The debate around these issues is intense. Controversial writer (and cofounder of Vice) Gavin McInnes’ article “Transphobia Is Perfectly Natural”, for example, has elicited over 5,000 comments.

As empirically oriented philosophers with research interests in what motivates individuals’ reasoning, we suspect that the debate is not motivated by a desire to get to the fact of the matter about gender. After all, when individuals disagree on other facts, such as (say) whether Napoleon won at Waterloo, we cannot predict people’s beliefs based on their political affiliation. Our view is that the intensity of this discussion is best explained by what psychologists call identity protective cognition.

Identity protective cognition is the tendency to selectively accept and dismiss information to support one’s identity.

This theory, developed by Dan M Kahan of Yale Law School, argues that beliefs about how society “ought to be” are central to one’s group identity. People discount information if it suggests their group’s picture of the ideal society is lacking.

For conservatives, the ideal society tends to be hierarchical. They want – perhaps subconsciously – resource distribution to depend on factors such as social class, race and sex. Status flows to men who work at well-paying jobs and women who stay at home and tend to the family.

Transgender individuals are dangerous to the hierarchy conservatives desire. They complicate the binary picture of division of labor within the traditional family. The existence of transgender individuals suggests that the assumption that underpins the legitimacy of the hierarchy – that people designated men and women at birth are naturally suited to particular gender roles – is false. So conservatives are motivated to deny the reality of transgenderism.

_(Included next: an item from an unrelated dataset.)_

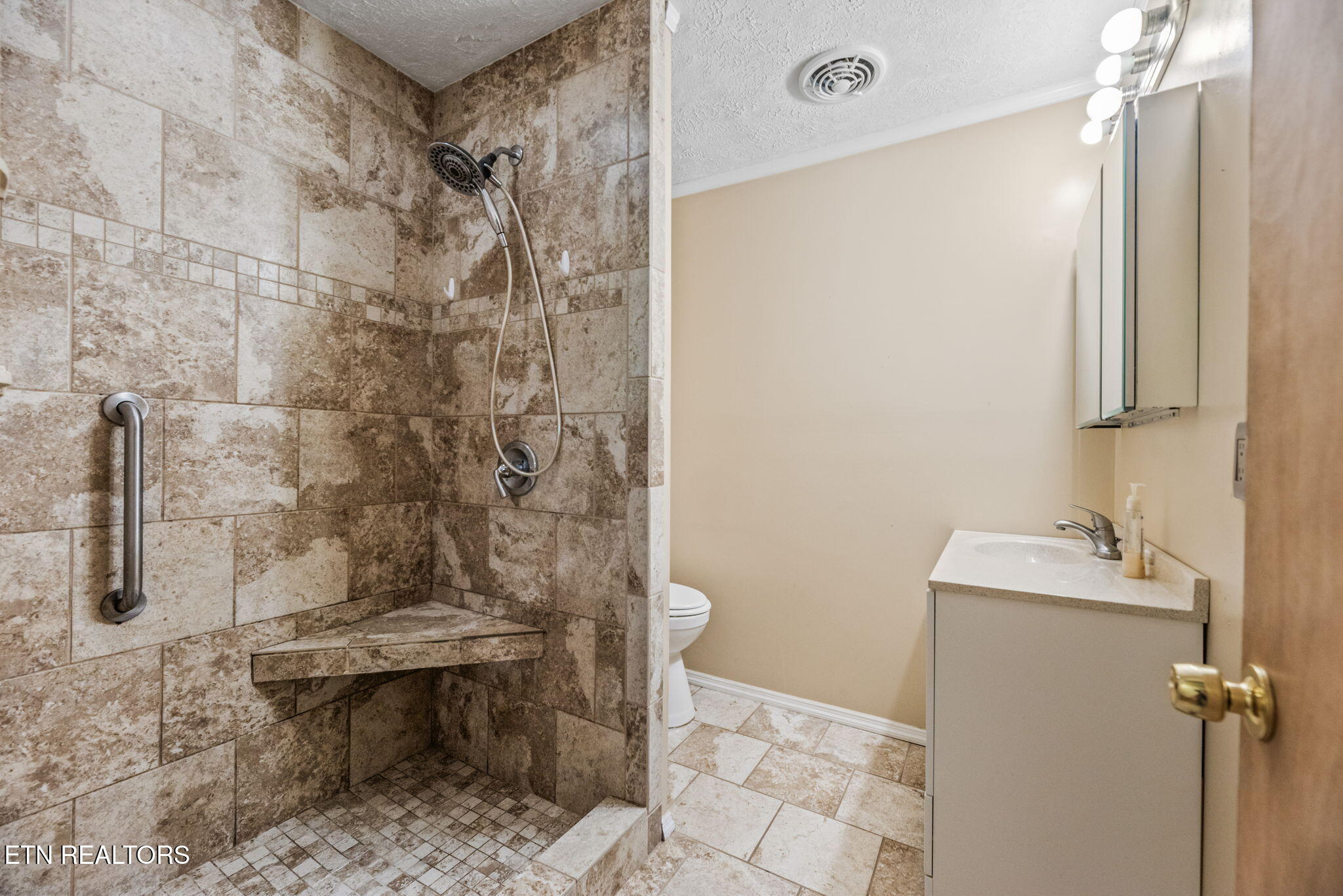 5013 Ridgemont Drive Property Photo 17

On the opposite side of things, research has shown that liberals tend to favor an egalitarian society. They want resources to be divided more equally, and they do not want the division to depend on gender. Social status should not be determined by conformity to gender stereotypes.

In such a society, transgender identities must be legitimate. Otherwise, there is a risk of propagating the view that one has to fall neatly into one of two genders, a view that forces men and women into unequal social roles.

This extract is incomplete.